• **INPUT RECORDS**:
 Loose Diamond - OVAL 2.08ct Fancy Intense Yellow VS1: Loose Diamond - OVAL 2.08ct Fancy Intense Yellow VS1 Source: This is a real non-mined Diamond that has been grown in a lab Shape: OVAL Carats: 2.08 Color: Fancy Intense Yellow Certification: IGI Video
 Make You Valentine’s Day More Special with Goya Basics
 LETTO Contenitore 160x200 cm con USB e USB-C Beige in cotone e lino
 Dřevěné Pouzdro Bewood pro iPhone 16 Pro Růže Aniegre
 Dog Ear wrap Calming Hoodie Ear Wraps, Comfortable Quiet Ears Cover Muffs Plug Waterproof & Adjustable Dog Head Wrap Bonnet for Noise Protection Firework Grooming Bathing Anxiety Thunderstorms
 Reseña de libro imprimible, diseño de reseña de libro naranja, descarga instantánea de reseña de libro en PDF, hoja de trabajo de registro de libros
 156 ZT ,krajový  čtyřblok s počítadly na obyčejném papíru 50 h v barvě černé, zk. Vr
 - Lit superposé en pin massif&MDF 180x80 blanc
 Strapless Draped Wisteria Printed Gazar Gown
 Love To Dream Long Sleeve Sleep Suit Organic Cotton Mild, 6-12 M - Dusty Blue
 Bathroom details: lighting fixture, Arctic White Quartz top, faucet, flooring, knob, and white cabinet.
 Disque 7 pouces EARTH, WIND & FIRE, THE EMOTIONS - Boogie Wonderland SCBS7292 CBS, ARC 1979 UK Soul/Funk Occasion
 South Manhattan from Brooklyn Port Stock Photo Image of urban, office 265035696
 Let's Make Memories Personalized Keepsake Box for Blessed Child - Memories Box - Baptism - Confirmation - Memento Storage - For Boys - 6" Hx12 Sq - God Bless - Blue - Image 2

• **TASK TO CARRY OUT**: When you answer, output each line of the data exactly as given, from its first line up to and including the one with "Disque 7 pouces".

• **REPLY**:
 Loose Diamond - OVAL 2.08ct Fancy Intense Yellow VS1: Loose Diamond - OVAL 2.08ct Fancy Intense Yellow VS1 Source: This is a real non-mined Diamond that has been grown in a lab Shape: OVAL Carats: 2.08 Color: Fancy Intense Yellow Certification: IGI Video
 Make You Valentine’s Day More Special with Goya Basics
 LETTO Contenitore 160x200 cm con USB e USB-C Beige in cotone e lino
 Dřevěné Pouzdro Bewood pro iPhone 16 Pro Růže Aniegre
 Dog Ear wrap Calming Hoodie Ear Wraps, Comfortable Quiet Ears Cover Muffs Plug Waterproof & Adjustable Dog Head Wrap Bonnet for Noise Protection Firework Grooming Bathing Anxiety Thunderstorms
 Reseña de libro imprimible, diseño de reseña de libro naranja, descarga instantánea de reseña de libro en PDF, hoja de trabajo de registro de libros
 156 ZT ,krajový  čtyřblok s počítadly na obyčejném papíru 50 h v barvě černé, zk. Vr
 - Lit superposé en pin massif&MDF 180x80 blanc
 Strapless Draped Wisteria Printed Gazar Gown
 Love To Dream Long Sleeve Sleep Suit Organic Cotton Mild, 6-12 M - Dusty Blue
 Bathroom details: lighting fixture, Arctic White Quartz top, faucet, flooring, knob, and white cabinet.
 Disque 7 pouces EARTH, WIND & FIRE, THE EMOTIONS - Boogie Wonderland SCBS7292 CBS, ARC 1979 UK Soul/Funk Occasion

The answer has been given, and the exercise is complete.